The mission statement of LID-MARC is: “Provide research-based recommendations to government, industry and nongovernmental organizations on green storm water management practices, including bioretention and bioinfiltration. Work conducted by the consortium ranges from the fundamental to the applied practical and focuses on a variety of land uses and climate conditions found among the mid-Atlantic states.”
The first major research grant awarded to the LID-MARC partners is entitled Watershed Impact of Stormwater Bioretention and Bioinfiltration Best Management Practices. Funded by the Cooperative Institute for Coastal and Estuarine Environmental Technology (CICEET), the research focuses on making science-based recommendations for the design and performance of LID bioretention and bioinfiltration best management practices (BMPs) to understand and optimize their use as a storm water control measure at the watershed scale. The research team integrates diverse expertise and experience from three established storm water research programs with differing climatic and soil conditions in the mid-Atlantic coastal zone.
A New Breed of BMP
Bioretention BMPs attenuate storm water runoff volume to reduce negative impacts from development and changing land use. These control measures directly address recharge, water quality, increased volume, peak delay and peak flow issues. These control measures are unique in that they are most effective when strategically distributed over the landscape in an LID setting, contrasting to past practices of larger control technologies at the bottom of the watershed.

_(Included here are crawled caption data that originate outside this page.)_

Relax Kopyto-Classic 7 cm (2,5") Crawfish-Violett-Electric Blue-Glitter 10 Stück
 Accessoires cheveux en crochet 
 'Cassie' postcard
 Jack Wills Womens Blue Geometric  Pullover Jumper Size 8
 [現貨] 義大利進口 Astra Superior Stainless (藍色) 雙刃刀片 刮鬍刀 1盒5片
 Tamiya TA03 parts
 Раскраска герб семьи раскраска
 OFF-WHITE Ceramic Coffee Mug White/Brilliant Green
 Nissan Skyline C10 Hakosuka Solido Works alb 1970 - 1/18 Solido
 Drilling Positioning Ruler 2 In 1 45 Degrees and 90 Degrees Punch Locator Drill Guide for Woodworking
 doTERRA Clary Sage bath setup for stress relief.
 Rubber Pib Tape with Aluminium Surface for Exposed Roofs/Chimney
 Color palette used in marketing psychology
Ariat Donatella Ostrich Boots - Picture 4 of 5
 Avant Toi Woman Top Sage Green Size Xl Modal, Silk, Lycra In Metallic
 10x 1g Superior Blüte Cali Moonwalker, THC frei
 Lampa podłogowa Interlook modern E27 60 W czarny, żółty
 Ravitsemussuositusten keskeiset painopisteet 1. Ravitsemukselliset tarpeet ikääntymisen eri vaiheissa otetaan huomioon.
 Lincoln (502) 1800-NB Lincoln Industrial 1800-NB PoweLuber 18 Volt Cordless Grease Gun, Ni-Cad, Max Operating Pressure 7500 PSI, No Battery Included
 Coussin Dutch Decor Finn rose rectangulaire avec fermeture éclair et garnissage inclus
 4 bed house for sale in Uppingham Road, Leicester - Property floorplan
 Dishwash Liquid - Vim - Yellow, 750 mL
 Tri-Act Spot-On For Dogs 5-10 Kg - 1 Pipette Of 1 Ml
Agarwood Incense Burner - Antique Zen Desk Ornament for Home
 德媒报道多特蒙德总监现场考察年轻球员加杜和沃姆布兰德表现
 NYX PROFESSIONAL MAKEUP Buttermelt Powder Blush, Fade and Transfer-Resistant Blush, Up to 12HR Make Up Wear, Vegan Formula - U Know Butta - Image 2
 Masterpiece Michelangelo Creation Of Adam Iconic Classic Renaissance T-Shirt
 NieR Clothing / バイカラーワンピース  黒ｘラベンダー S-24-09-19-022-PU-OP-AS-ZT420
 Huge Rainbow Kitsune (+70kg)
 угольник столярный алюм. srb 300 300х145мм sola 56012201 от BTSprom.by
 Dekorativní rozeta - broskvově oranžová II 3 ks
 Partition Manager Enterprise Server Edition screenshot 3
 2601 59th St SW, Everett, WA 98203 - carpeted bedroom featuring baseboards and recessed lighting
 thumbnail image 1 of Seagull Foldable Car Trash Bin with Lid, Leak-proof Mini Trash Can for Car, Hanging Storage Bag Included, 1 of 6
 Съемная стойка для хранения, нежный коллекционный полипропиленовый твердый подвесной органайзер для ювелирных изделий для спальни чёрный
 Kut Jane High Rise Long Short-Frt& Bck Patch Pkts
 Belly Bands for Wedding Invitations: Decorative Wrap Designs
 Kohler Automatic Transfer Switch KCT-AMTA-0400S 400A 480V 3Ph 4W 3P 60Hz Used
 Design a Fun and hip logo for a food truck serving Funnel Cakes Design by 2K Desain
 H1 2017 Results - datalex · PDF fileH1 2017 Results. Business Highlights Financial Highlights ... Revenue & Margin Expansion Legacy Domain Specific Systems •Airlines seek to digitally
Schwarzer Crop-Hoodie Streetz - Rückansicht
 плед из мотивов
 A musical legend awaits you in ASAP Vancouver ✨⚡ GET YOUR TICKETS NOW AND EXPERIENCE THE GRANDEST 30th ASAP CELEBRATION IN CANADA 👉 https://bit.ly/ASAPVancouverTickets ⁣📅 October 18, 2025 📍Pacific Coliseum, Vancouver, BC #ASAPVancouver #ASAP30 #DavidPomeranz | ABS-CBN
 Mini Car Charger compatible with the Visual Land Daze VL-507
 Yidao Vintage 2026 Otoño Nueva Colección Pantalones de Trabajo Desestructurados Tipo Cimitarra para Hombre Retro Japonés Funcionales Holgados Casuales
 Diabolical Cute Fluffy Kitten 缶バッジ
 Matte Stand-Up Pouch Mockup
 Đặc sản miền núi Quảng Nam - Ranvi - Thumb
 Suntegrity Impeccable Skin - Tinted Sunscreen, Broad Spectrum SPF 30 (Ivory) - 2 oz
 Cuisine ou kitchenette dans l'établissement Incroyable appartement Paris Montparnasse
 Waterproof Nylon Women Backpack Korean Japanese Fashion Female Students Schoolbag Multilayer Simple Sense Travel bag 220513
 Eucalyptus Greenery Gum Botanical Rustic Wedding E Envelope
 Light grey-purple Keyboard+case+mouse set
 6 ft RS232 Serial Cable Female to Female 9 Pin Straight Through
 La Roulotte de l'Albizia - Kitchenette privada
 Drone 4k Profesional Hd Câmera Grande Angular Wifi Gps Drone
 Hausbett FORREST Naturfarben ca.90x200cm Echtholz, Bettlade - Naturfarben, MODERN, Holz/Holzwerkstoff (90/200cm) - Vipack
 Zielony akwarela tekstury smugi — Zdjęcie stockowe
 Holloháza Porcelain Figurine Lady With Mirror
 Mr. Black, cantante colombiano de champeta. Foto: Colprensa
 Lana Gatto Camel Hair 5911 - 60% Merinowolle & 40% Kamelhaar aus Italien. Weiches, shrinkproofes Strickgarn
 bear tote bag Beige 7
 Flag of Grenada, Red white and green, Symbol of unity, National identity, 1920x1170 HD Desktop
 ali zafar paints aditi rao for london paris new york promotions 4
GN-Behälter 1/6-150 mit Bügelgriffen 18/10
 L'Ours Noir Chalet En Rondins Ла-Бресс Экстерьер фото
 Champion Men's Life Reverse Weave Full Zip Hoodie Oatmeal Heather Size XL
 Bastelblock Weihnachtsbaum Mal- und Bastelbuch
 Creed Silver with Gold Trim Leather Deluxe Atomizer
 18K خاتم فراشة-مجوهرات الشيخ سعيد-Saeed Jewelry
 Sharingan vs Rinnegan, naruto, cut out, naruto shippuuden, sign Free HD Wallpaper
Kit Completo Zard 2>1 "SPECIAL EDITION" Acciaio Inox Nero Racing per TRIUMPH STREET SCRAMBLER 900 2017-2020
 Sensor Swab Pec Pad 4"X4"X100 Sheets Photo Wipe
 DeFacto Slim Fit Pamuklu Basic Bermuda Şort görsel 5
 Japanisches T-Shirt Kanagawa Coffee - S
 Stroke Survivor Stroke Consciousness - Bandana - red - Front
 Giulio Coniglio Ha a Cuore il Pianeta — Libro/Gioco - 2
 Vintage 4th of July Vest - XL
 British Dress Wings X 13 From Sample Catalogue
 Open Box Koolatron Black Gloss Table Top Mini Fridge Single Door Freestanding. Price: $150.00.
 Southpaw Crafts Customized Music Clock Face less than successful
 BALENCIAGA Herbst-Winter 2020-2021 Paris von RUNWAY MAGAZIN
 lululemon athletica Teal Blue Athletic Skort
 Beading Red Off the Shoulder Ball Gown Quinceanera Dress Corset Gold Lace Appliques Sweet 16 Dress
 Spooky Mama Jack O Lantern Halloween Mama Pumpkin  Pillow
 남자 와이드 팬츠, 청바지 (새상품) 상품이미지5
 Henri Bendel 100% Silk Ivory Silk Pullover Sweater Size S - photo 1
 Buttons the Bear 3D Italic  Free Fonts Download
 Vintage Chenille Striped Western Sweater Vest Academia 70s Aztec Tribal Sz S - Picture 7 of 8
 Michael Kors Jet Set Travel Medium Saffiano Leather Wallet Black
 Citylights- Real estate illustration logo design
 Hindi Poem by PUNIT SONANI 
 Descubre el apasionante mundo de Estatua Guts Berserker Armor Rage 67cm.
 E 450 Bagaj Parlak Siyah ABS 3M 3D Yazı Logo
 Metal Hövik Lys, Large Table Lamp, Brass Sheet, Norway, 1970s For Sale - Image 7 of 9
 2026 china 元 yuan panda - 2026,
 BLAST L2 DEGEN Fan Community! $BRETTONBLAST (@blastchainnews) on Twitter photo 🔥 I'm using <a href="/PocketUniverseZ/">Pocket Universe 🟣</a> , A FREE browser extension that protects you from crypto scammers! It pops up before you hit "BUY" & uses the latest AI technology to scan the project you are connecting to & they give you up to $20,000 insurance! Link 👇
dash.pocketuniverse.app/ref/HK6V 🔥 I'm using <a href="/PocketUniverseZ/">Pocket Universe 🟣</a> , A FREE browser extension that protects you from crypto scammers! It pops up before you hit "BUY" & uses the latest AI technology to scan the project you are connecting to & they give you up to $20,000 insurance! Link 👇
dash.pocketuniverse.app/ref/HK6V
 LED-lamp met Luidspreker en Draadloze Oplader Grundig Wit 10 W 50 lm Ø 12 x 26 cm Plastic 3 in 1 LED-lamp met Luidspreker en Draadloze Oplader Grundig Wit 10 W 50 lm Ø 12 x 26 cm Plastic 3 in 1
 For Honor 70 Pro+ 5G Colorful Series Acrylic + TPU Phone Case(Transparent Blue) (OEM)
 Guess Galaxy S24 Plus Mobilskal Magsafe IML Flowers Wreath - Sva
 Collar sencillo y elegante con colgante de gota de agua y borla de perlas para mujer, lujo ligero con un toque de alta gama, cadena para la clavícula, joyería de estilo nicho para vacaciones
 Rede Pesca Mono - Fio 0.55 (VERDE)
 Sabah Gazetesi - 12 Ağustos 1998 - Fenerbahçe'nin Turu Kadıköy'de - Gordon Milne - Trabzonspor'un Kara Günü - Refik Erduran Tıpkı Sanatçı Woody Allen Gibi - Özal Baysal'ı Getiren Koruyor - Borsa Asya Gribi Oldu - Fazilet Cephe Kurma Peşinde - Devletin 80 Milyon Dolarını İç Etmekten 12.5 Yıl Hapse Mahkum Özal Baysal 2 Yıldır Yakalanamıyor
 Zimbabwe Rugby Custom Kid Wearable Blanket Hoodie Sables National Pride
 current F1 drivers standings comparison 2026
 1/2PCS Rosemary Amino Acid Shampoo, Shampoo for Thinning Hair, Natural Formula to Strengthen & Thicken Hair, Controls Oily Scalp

Nevertheless, a wide range of design issues for these BMPs has slowed implementation and inhibited use. Some of these issues stem from the fact that the bioretention and bioinfiltration concept is a new breed of BMP that integrates knowledge from a number of disciplines. Concerns over performance, groundwater contamination, longevity and over-infiltration have limited their size. Past practices and guidelines were directed at smaller runoff volumes and did not include peak rate reduction or large volumes as performance criteria.
Grant in Action
To address these issues, the investigative team—which includes Allen Davis at the University of Maryland, Rob Traver at Villanova University and Bill Hunt at North Carolina State University—monitors the hydrologic and water quality performance of different bioretention and bioinfiltration BMPs at or near the three universities. Currently, the project coordinators have developed protocols for sharing data. They are in the field-testing stage.
In the next stage, the researchers will evaluate the data across the different sites to develop performance metrics and parameter association. Later stages will move to computer simulations and design recommendations. First results of this work are expected to be presented at the American Society of Civil Engineers World Environmental & Water Congress in spring 2009.
“The combined pressures of climate change and human activity have made the management of our coastal resources increasingly complex and difficult,” said Richard Langan, CICEET’s University of New Hampshire co-director. “This project was selected for its potential to transform research into practical, accessible tools that coastal resource managers need to support their communities and protect the environment.”